• [EXERCISE GOAL] Would you transcribe the records below from the line with "Powojnik Clematis Glasys Picard - L" to the line with "Tiheäsilmäinen metalliverkko suojaa", ends included, exactly and with nothing more, leaving the pictures out?

• [SUPPLIED RECORDS]

►

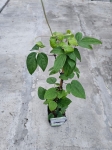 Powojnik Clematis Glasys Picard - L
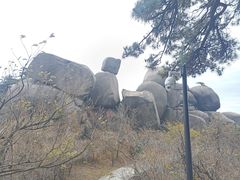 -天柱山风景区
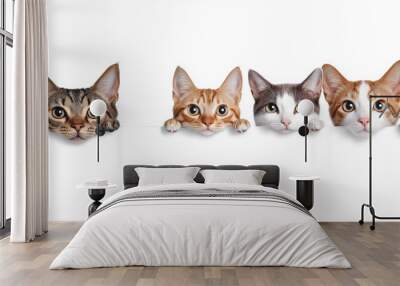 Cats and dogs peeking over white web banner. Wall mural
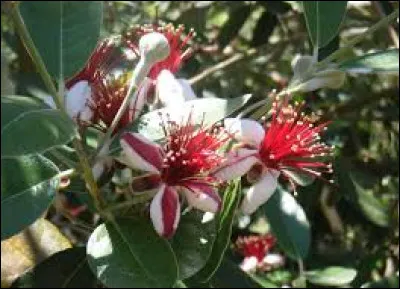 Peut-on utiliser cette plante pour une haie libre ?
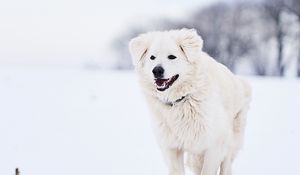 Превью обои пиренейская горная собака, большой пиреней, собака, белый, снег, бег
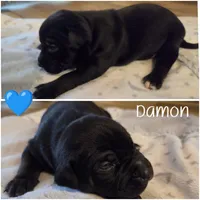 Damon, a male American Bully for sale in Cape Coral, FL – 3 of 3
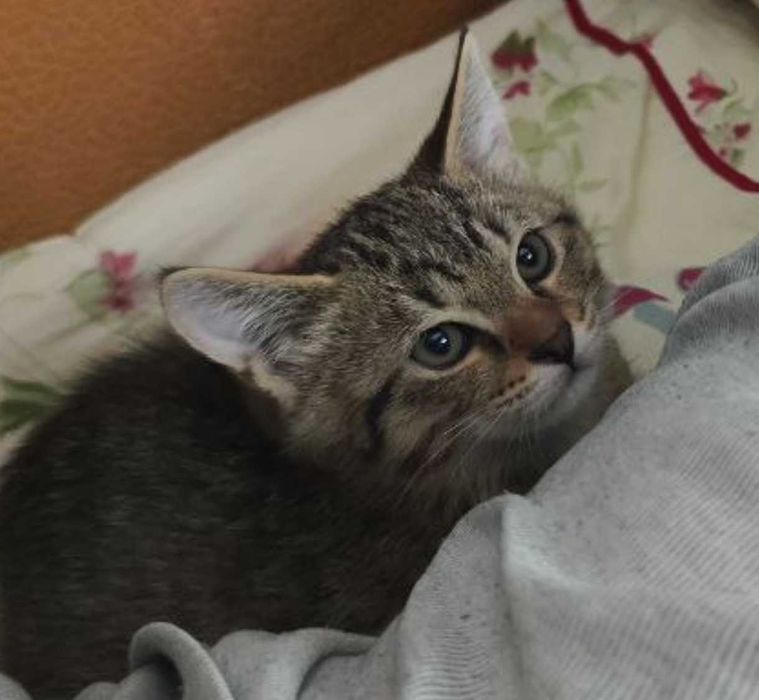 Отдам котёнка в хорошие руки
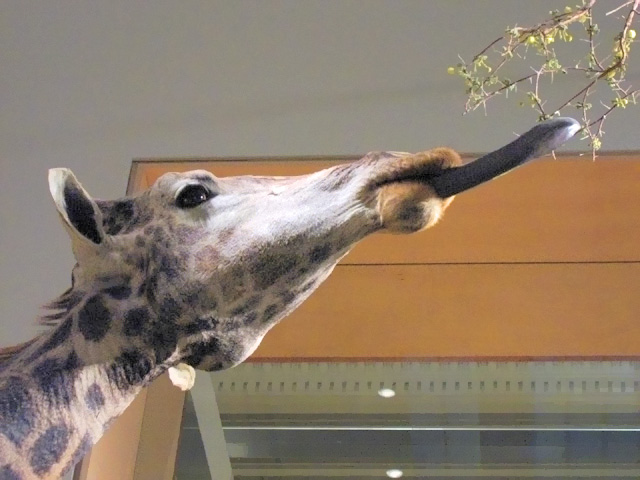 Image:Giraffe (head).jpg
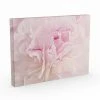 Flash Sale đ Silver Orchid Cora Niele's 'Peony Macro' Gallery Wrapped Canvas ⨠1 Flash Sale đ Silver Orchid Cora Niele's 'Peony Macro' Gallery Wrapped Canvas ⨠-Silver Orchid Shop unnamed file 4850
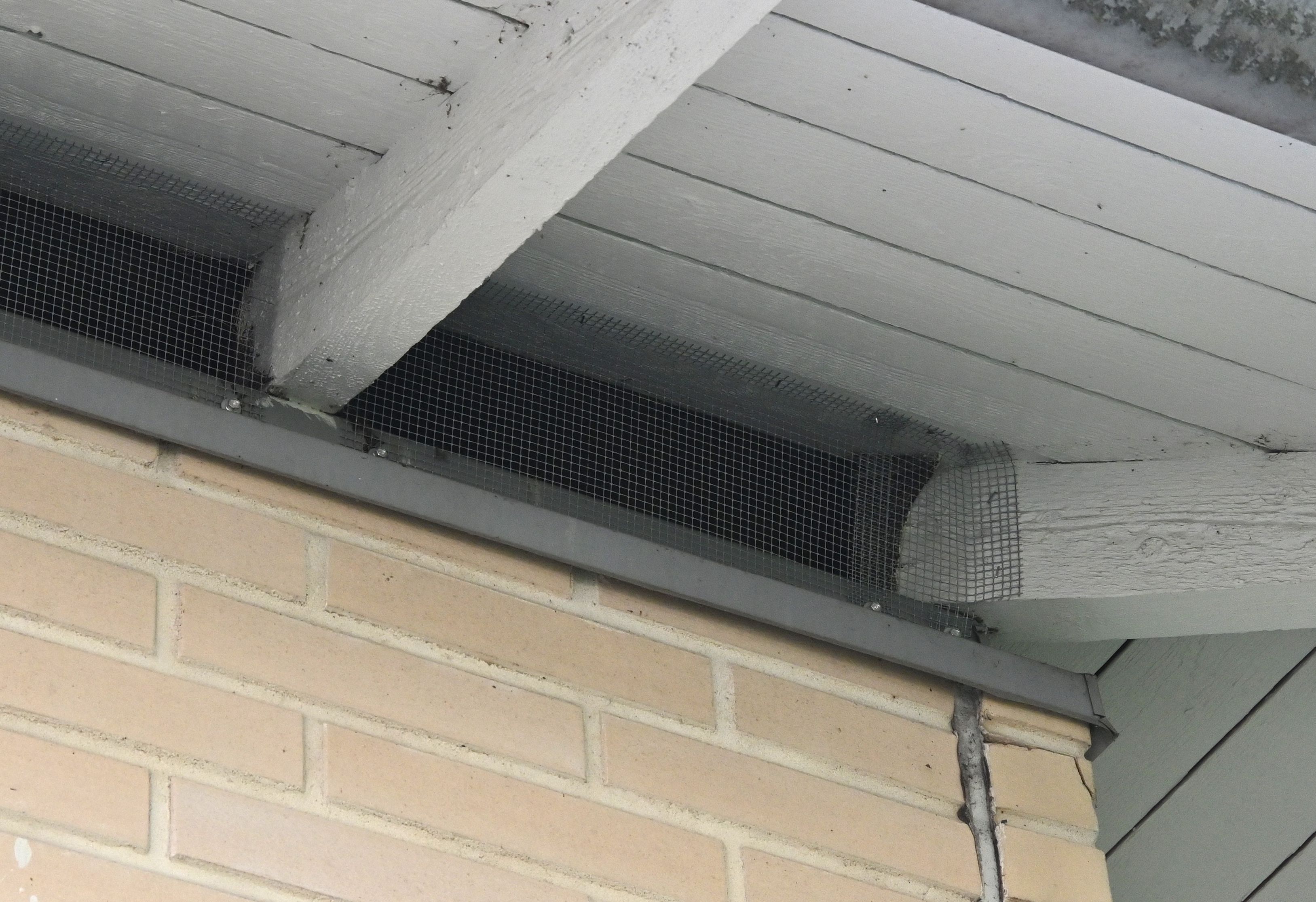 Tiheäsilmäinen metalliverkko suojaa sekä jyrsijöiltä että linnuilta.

◄
►

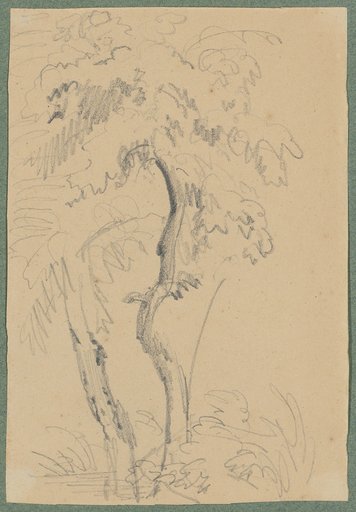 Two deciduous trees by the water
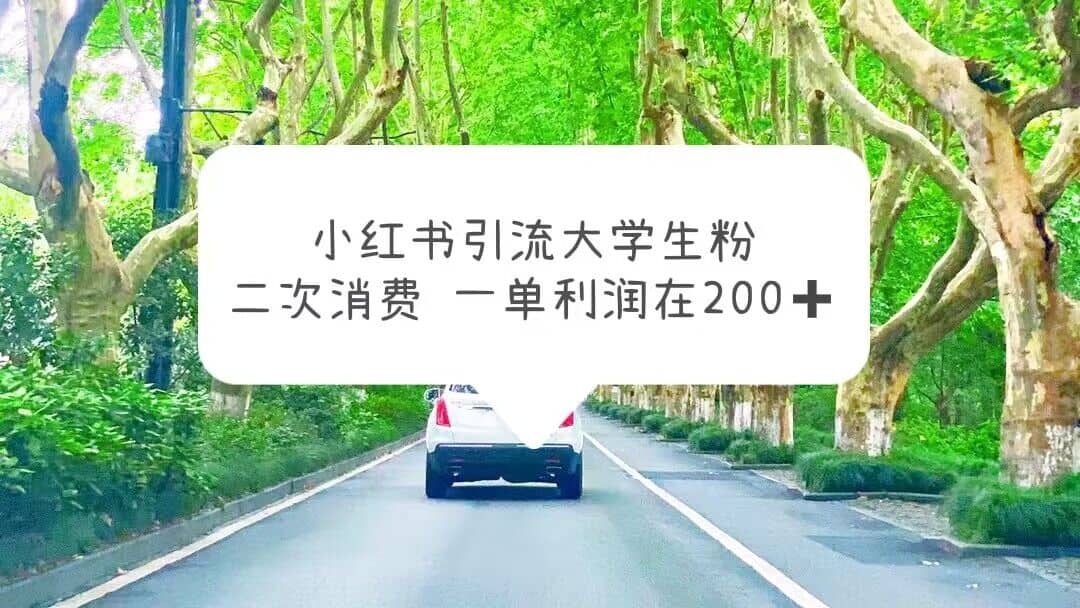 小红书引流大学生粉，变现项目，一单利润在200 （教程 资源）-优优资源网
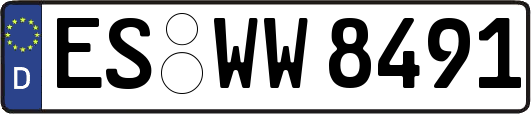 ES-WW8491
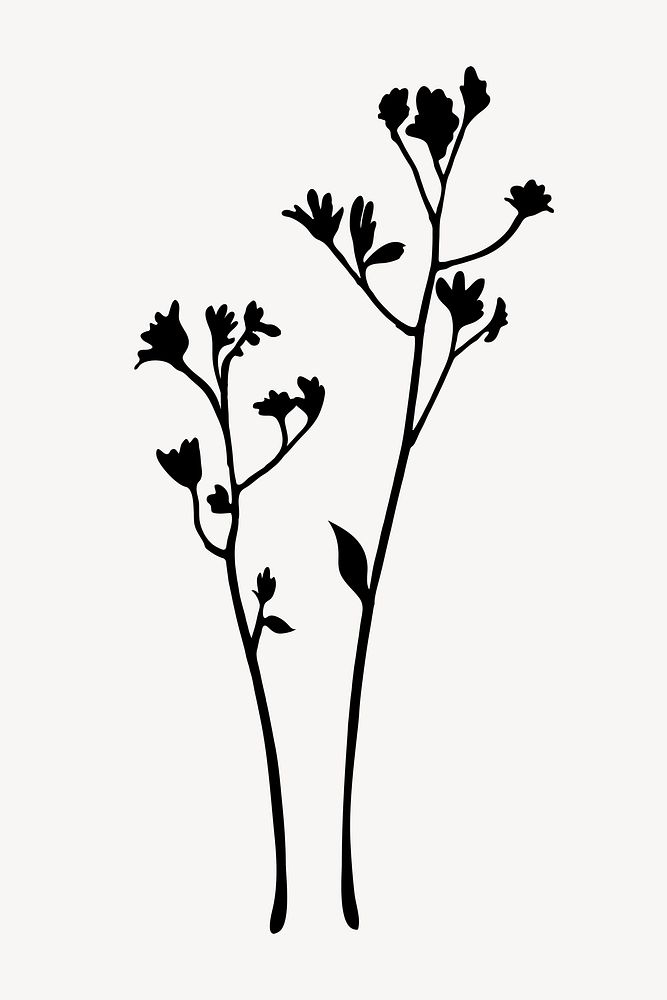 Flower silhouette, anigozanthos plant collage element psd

◄

• [RESPONSE BOX]
 Powojnik Clematis Glasys Picard - L
 -天柱山风景区
 Cats and dogs peeking over white web banner. Wall mural
 Peut-on utiliser cette plante pour une haie libre ?
 Превью обои пиренейская горная собака, большой пиреней, собака, белый, снег, бег
 Damon, a male American Bully for sale in Cape Coral, FL – 3 of 3
 Отдам котёнка в хорошие руки
 Image:Giraffe (head).jpg
 Flash Sale đ Silver Orchid Cora Niele's 'Peony Macro' Gallery Wrapped Canvas ⨠1 Flash Sale đ Silver Orchid Cora Niele's 'Peony Macro' Gallery Wrapped Canvas ⨠-Silver Orchid Shop unnamed file 4850
 Tiheäsilmäinen metalliverkko suojaa sekä jyrsijöiltä että linnuilta.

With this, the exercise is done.